Marguerite L. Brooks will conduct the Yale Camerata in a performance of Handel’s beloved oratorio Messiah in Woolsey Hall (College at Grove, New Haven) on Sunday, April 22 at 3 PM.
In July of 1741 George Frideric Handel received the text for a new oratorio project from Charles Jennens, a wealthy patron of the arts and Handel’s sometime librettist. The text for the oratorio was titled Messiah and depicted, in its three parts, Christ’s Nativity (Part I), his Passion, death, resurrection, and ascension (Part II), and the Day of Judgment on earth (Part III). Handel set Jennens’s text to music in twenty-four days of rapt inspiration the following month, and the result has proven to be one of the enduring artworks of the Western musical tradition. The Messiah, one of the first works in the history of music to have a performance tradition that stretches, virtually uninterrupted, from the day of its premiere (at the Great Music Hall in Dublin, 13 April 1742) to our own, features some of the most well-known music in all of the classical canon: perhaps most famous of all is the “Hallelujah” chorus, which closes Part II, but other of the oratorio’s numbers, the opening Sinfony, the choruses “For unto us a Child is born,” “Glory to God,” and “Since by man came death,” and the arias “Rejoice greatly, O daughter of Zion” and “I know that my Redeemer liveth” are almost, if not equally, well-known. Such a staple has the Messiah become, so much a part of eighteenth-century music’s cultural heritage and so much a part of our own musical life, that to experience the work is also to a certain extent to plug in to that active and unbroken tradition. The performance practices of the Messiah (instrumentation, cuts, etc.) may have changed over the centuries, but the music’s status as iconic endures.

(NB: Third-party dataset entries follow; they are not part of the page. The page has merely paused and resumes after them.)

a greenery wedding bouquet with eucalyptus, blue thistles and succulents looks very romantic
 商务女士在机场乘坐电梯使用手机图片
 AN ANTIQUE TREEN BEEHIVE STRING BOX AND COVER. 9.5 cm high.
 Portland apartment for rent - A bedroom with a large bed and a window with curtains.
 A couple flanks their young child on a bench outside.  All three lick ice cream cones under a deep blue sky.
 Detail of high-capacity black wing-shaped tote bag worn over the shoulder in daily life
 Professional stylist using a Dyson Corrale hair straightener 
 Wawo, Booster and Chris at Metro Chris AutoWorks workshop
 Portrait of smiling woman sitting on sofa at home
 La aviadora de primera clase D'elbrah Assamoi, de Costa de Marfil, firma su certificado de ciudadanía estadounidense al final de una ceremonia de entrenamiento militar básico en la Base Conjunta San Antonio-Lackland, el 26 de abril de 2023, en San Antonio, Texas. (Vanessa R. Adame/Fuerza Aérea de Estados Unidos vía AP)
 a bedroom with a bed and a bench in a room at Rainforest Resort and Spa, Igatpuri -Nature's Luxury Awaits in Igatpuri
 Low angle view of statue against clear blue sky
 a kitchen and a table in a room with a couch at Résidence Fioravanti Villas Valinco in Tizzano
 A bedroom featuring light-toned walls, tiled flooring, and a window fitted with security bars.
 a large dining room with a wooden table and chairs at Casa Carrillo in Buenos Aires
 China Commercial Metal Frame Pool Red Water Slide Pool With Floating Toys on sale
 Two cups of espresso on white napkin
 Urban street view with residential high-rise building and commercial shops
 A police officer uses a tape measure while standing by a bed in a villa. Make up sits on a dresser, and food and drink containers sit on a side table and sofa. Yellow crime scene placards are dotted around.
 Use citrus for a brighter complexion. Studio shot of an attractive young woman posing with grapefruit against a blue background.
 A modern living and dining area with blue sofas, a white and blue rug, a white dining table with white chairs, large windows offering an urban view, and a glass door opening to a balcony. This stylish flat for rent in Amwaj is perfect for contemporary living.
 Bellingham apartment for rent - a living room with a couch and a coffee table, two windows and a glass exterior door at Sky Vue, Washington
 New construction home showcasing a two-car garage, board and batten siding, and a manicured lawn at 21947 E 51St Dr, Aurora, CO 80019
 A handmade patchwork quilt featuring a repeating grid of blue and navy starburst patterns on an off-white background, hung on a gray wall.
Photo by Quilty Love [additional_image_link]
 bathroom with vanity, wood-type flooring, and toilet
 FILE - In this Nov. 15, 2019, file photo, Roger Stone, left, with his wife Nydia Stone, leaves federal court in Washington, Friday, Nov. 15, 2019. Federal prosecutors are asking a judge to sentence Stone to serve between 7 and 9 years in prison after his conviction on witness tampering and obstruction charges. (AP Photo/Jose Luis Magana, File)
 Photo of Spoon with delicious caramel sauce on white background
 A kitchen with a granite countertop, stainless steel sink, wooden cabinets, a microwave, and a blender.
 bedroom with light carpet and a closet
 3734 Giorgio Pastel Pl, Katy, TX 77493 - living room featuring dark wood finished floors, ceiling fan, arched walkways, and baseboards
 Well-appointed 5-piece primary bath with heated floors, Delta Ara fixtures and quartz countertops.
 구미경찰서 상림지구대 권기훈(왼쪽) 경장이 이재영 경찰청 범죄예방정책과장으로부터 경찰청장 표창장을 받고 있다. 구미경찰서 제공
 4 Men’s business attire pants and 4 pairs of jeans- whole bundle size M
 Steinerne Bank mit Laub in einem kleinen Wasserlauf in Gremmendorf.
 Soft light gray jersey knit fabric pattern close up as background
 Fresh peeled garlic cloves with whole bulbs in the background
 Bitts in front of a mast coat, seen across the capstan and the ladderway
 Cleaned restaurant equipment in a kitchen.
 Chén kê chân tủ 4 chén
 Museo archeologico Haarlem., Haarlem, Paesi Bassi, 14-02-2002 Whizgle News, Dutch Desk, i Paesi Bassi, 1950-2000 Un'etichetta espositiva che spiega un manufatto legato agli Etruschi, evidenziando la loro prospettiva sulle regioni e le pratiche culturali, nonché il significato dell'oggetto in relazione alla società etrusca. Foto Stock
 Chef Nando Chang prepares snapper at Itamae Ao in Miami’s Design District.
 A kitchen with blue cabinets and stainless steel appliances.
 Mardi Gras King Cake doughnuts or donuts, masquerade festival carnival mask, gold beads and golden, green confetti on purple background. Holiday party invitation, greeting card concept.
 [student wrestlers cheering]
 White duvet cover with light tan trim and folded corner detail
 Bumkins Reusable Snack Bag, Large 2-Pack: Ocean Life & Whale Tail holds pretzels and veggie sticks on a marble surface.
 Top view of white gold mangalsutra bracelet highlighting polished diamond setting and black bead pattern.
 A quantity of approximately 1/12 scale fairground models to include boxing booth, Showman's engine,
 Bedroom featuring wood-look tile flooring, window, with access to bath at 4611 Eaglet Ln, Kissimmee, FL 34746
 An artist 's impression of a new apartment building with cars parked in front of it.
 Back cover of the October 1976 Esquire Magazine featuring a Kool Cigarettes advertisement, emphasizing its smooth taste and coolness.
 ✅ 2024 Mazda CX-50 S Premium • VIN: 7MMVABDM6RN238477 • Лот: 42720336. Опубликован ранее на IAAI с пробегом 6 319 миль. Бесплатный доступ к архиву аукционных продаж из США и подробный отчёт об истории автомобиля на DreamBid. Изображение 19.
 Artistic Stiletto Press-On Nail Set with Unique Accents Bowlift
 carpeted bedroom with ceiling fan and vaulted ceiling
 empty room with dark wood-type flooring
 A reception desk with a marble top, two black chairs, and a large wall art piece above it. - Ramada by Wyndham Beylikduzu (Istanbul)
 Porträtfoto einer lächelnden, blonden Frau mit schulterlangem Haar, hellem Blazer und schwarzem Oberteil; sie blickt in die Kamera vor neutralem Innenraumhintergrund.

Founded in 1985 by its conductor, Marguerite L. Brooks, the Yale Camerata is a vocal ensemble sponsored by the Yale Institute of Sacred Music. The group’s singers are Yale graduate and undergraduate students, faculty, staff, and experienced singers from the New Haven community. The Camerata performs a widely varied spectrum of choral literature, with a specific commitment to recently composed choral music. .It has collaborated with the Yale Glee Club, Yale Philharmonia, Yale Symphony, Yale Band, Yale Chamber Players, Yale Collegium Musicum, the New Haven Chorale, and the symphony orchestras of Hartford, New Haven, and Norwalk. The ensemble has also performed for Yale Music Spectrum and New Music New Haven.
The Camerata has been heard on Connecticut Public Radio and on national broadcasts of National Public Radio’s program “Performance Today.” Guest conductors have included Robert Shaw, Jaap Schröder, Sir David Willcocks, Krzysztof Penderecki, Sir Neville Marriner, Helmuth Rilling, Nicholas McGegan, Dale Warland, and Simon Carrington. With the Institute of Sacred Music, the Camerata has commissioned and premiered works of Aaron J. Kernis, Martin Bresnick, Daniel Kellogg, Stephen Paulus, Daniel Pinkham, and Ellen Taaffe Zwilich, among others. The chorus has sung first performances of works by many composers, including Kathryn Alexander, Tawnie Olson, and Francine Trester.
The Woolsey Hall Messiah concert is free and open to the public; no tickets are required.